2130 N. Kenmore

I have had quite a few inquiries lately about Gehring Hall.  The interest is rooted in the new Illinois law that is releasing OBCs to adult adoptees.  Many adoptees are finding that their mothers listed their address as 2130 North Kenmore, Chicago, IL.  A quick google search of this address will show you that it is a building that is now part of DePaul.  What the Google search may not tell you is that in the early 1980’s, it was a maternity home for expectant mothers. I have found that there are some misconceptions about Gehring, who ran it, who stayed there, etc.  I am writing this bulleted list post to help those that may be searching.   I welcome updates to my information from anyone who has them.

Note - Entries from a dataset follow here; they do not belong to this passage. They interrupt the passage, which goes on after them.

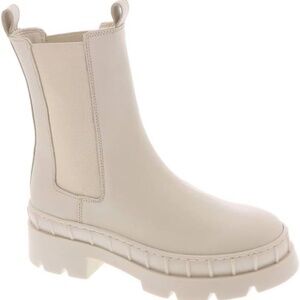 Steve Madden Women’s Barclay Leather Moto Boots Size 8.5 Bone/White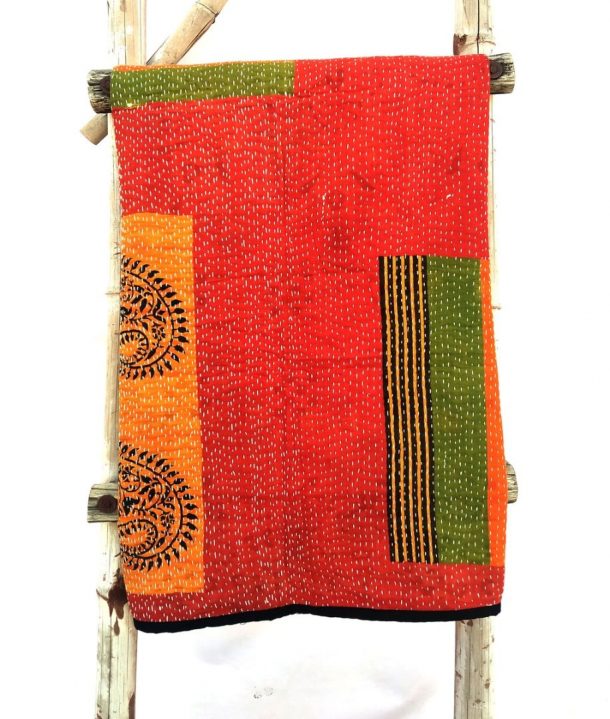 Paisley Kantha Baby Blanket Vintage Kantha Quilts, Throw Blankets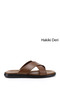 Men's Walnut Cross-Strapped Genuine Leather Slippers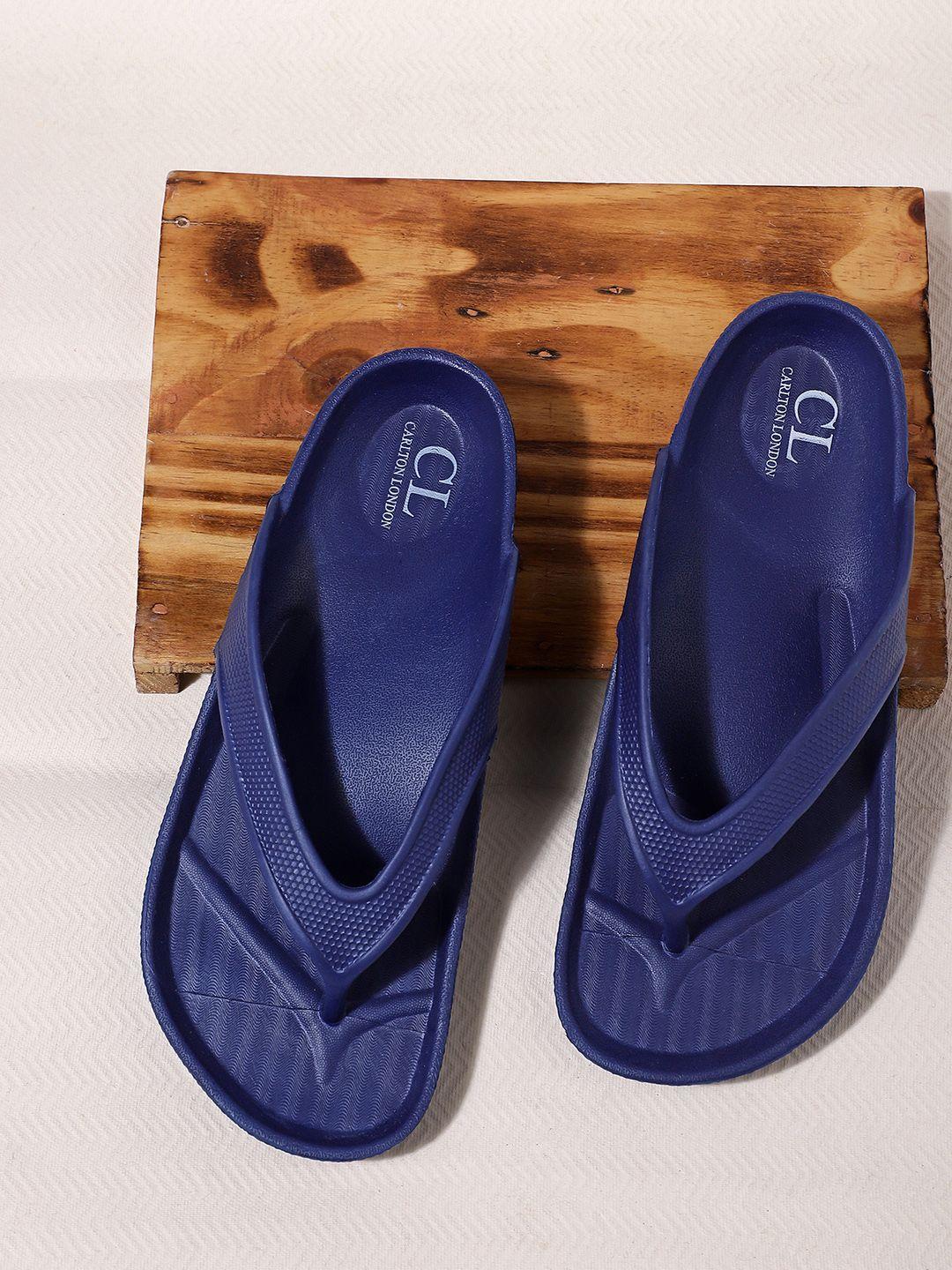 carlton london men navy blue thong flip-flops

  • As noted, Gehring Hall was located on 2130 North Kenmore, Chicago Illinois. This address is located in Lincoln Park, pretty much right on the DePaul University Campus. The nearest El stop serving the address at the time I lived there was Fullerton Avenue. The picture above is a picture of Gehring.
  • The home (and I use that term loosely) was associated with St. Joseph Hospital. Nearly all (as far I know) expectant mothers that resided there delivered their babies at St. Josephs
  • Many mothers who lived there also worked at St. Josephs. If you did not work at St. Joe’s you likely worked at the consignment shop the home ran around the corner. A portion of your pay check went towards your stay at the home.  Mothers also worked as nannies and babysitters for affluent Lincoln Park families.
  • Contrary to what some people have been lead to believe, Catholic Charities was not the only adoption agency placing babies born to mothers at Gehring. When I lived at Gehring mothers were there courtesy of Lutheran Family Services, Catholic Charities, Evangelical, and Easter House. (There are likely others. Please comment.)
  • While the majority of the mothers there during winter of 1986 were from IL, many were from out-of-state (as I was).  Easter House was notorious for finding mothers in other states and flying them to IL to take advantage of IL adoption laws.  Searching adoptees should not assume that their mother was from IL if she lived at Gehring.
  • To me, personally, Gehring was a prison.  I hated it and was pretty depressed during my stay.  Friends at the time (many still friends today) would say they enjoyed it, it “felt like a big dorm party”.   I had no such feelings but did my best not to show my depression, anger and disgust. It was the only place I had to live. IF I did not follow the rules, do what I was told, go to work to pay my rent, I would have been homeless.
  • Not all mothers who lived there surrendered their children. Several I know were blessed to get away with babes in arms  This generally happened with the father of the baby finally expressed support (thereby taking her away to marry her) or if the parents of the expectant mother came to their senses. I don’t know exact numbers but I will guess 5% of Gehring residents were able to bring their babies home.
  • Mothers were allowed to stay at Gehring post surrender for a few days or weeks depending on your situation.  Many had no where else to go so the home did let them stay while they figured that out.  Those that had families willing to take them back returned to their homes or their universities.  Easter House gave me a plane ticket and sent me back east to my parents. (Within weeks I would return of my own accord and start my life there on my own. Home was not an option for me.)
  • Gehring Hall closed sometime in the late 80s or early 90s. Reports state that the records went to a newly formed facility called the Madonna Center located on W. Grace. I have not been able to find truth in that statement. Several mothers attempted to located records and were unsuccessful. St. Joseph Hospital will also state they no longer have records.
  • I remember many of the names of mothers who lived there from January 1986 till June of 1986. If you were born during this time frame and your OBC lists your mothers address as Gehring, I likely knew her or know someone who did.
  • This is not specific to Gehring but I feel it is worth nothing. If your OBC does not list a father or states father unknown, do not believe that until you ask your mother herself.  My daughters father was very much known and in fact had surrendered his rights to her prior to her birth. However, since he was NOT present at the time of her birth, the records person would not allow me to put his name on her birth certificate. He had to be present and agree he was the father.  Totally fucked up if you ask me but that was the law. It disgusts me to this day.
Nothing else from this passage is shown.